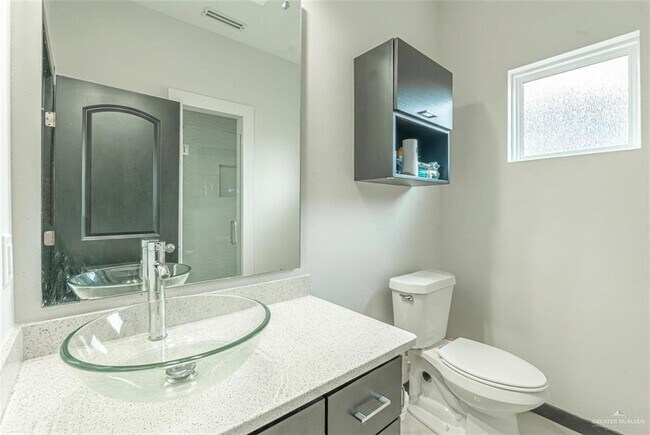 Building Photo - 30 N 46th St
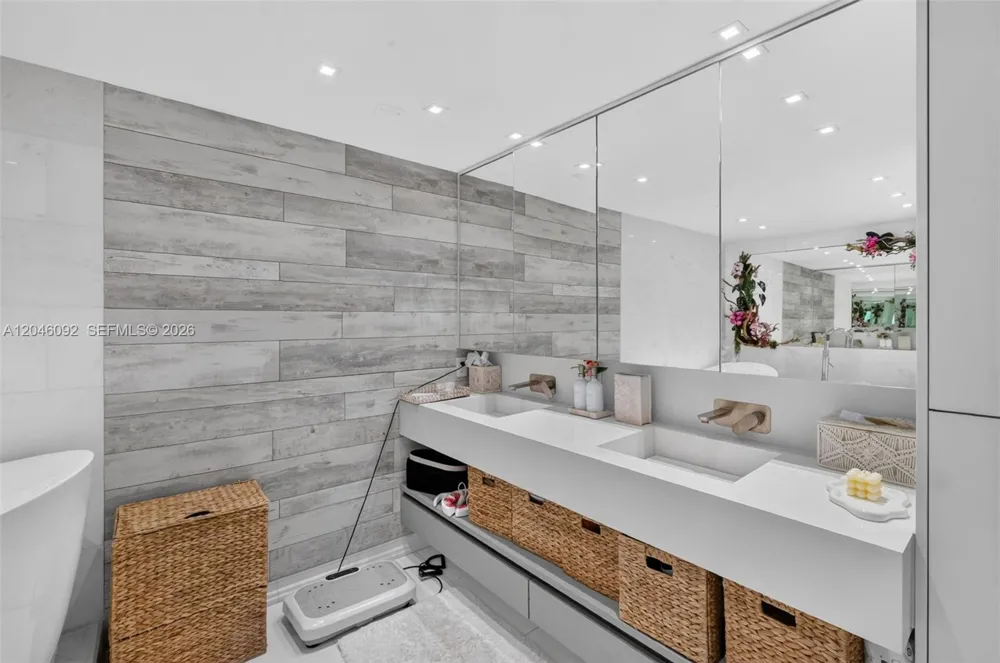 2301 Collins Ave #440-443 Miami Beach, FL 33139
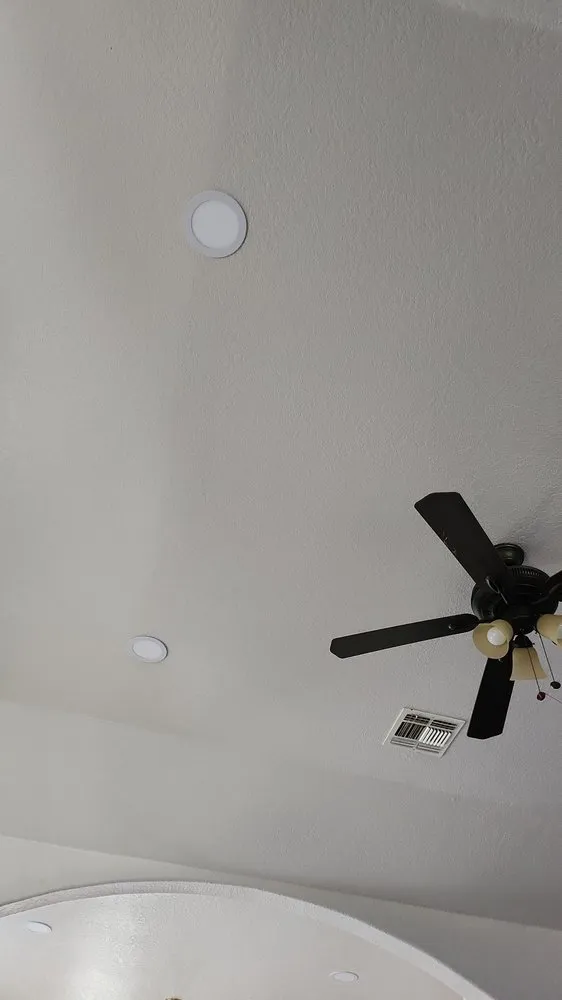 Slide of Diaz Electric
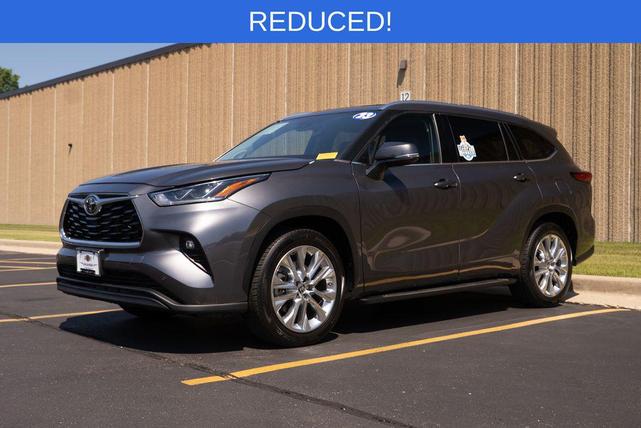 Photo of 2023 Magnetic Gray Metallic Toyota Highlander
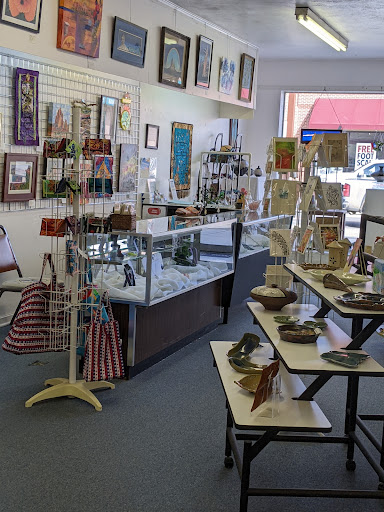 Three Rivers Art Center (TRAC)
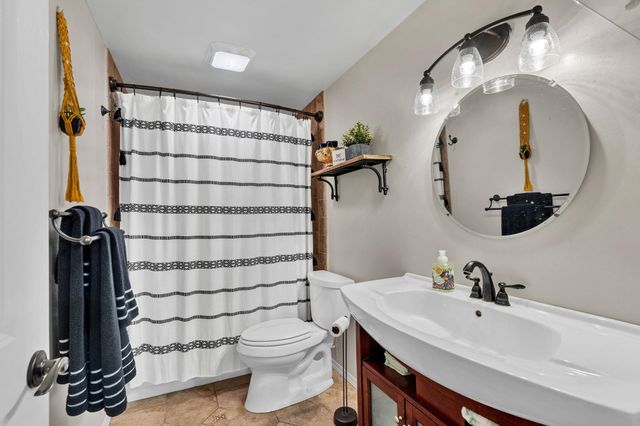 1713 E Cresthill Rd, Derby, KS 67037
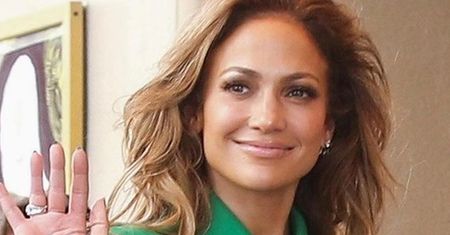 Polki po 50. też pokochają tę przejściową kurtkę. To model, który nosi Jennifer Lopez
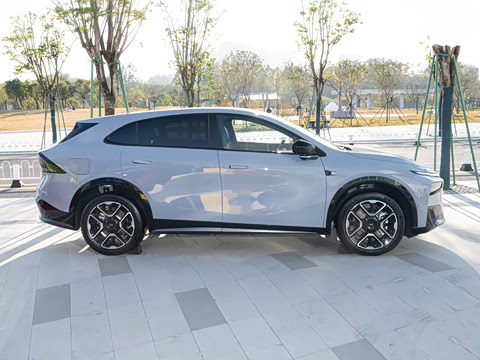 2026�� ���� 1704 Max �콢��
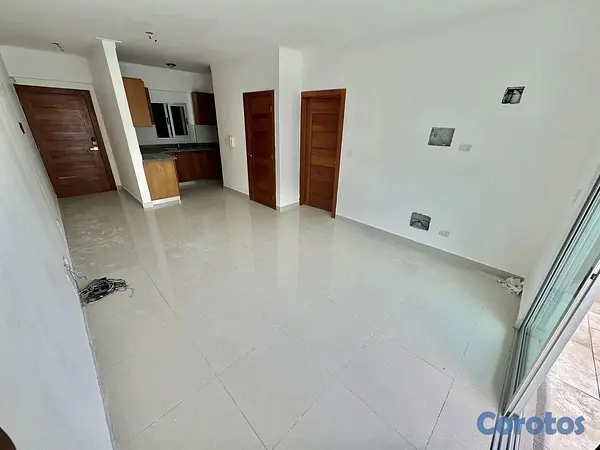 apartamentos - Vendo apartamento en Evaristo Morales. 1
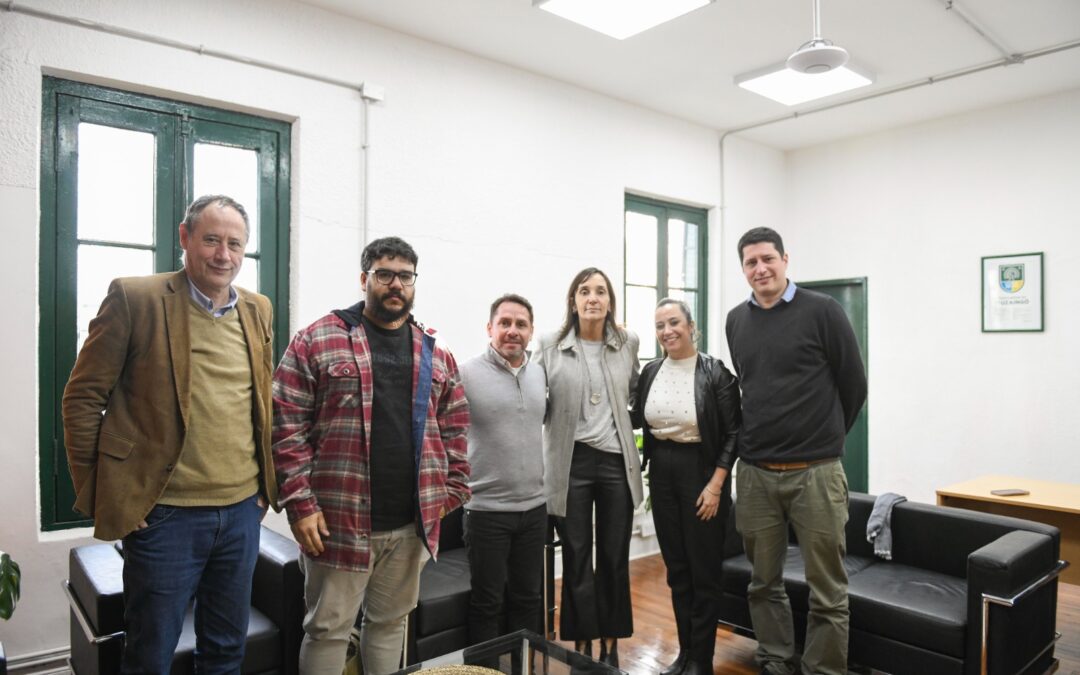 ITUZAINGÓ: EDUCACIÓN: NUEVO CONVENIO ENTRE LA UNIVERSIDAD NACIONAL DE LA PLATA Y EL CENTRO REGIONAL UNIVERSITARIO DE ITUZAINGÓ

************

→ ACTIVITY: Nothing is needed beyond an exact transcription of the lines from the one containing "apartamentos - Vendo" to the end of the entries above, with the pictures omitted.

→ RESULT OF THE EXERCISE:
 apartamentos - Vendo apartamento en Evaristo Morales. 1
 ITUZAINGÓ: EDUCACIÓN: NUEVO CONVENIO ENTRE LA UNIVERSIDAD NACIONAL DE LA PLATA Y EL CENTRO REGIONAL UNIVERSITARIO DE ITUZAINGÓ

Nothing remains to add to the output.